All Vector ISAs dating back fifty years have extensive and comprehensive Load and Store operations that go far beyond the capabilities of Scalar RISC and most CISC processors, yet at their heart on an individual element basis may be found to be no different from RISC Scalar equivalents.

The resource savings from Vector LD/ST are significant and stem from the fact that one single instruction can trigger a dozen (or in some microarchitectures such as Cray or NEC SX Aurora) hundreds of element-level Memory accesses.

Additionally, and simply: if the Arithmetic side of an ISA supports Vector Operations, then in order to keep the ALUs 100% occupied the Memory infrastructure (and the ISA itself) correspondingly needs Vector Memory Operations as well.

Vectorized Load and Store also presents an extra dimension (literally) which creates scenarios unique to Vector applications, that a Scalar (and even a SIMD) ISA simply never encounters: not even the complex Addressing Modes of the 68,000 or S/360 resemble Vector Load/Store. SVP64 endeavours to add the modes typically found in all Scalable Vector ISAs, without changing the behaviour of the underlying Base (Scalar) v3.0B operations in any way. (The sole apparent exception is Post-Increment Mode on LD/ST-update instructions)

Modes overview

Vectorization of Load and Store requires creation, from scalar operations, a number of different modes:

  • fixed aka "unit" stride - contiguous sequence with no gaps
  • element strided - sequential but regularly offset, with gaps
  • vector indexed - vector of base addresses and vector of offsets
  • Speculative Fault-first - where it makes sense to do so
  • Data-Dependent Fail-First - Conditional truncation of Vector Length
  • Structure Packing - covered in SV by remap and Pack/Unpack Mode.

Despite being constructed from Scalar LD/ST none of these Modes exist or make sense in any Scalar ISA. They only exist in Vector ISAs and are a critical part of its value.

Also included in SVP64 LD/ST is Element-width overrides and Twin-Predication.

Note also that Indexed remap mode may be applied to both Scalar LD/ST Immediate Defined Word-instructions and LD/ST Indexed Defined Word-instructions. LD/ST-Indexed should not be conflated with Indexed REMAP mode: clarification is provided below.

Determining the LD/ST Modes

A minor complication (caused by the retro-fitting of modern Vector features to a Scalar ISA) is that certain features do not exactly make sense or are considered a security risk.
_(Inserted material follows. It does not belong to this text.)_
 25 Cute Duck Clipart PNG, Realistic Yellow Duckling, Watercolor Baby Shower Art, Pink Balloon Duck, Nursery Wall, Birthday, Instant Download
Fault-first on Vector Indexed would allow attackers to probe large numbers of pages from userspace, where strided Fault-first (by creating contiguous sequential LDs likely to be in the same Page) does not.

In addition, reduce mode makes no sense. Realistically we need an alternative table definition for svp64 RM.MODE. The following modes make sense:

  • simple (no augmentation)
  • Fault-first (where Vector Indexed is banned)
  • Data-dependent Fail-First (extremely useful for Linked-List pointer-chasing)
  • Signed Effective Address computation (Vector Indexed only, on RB)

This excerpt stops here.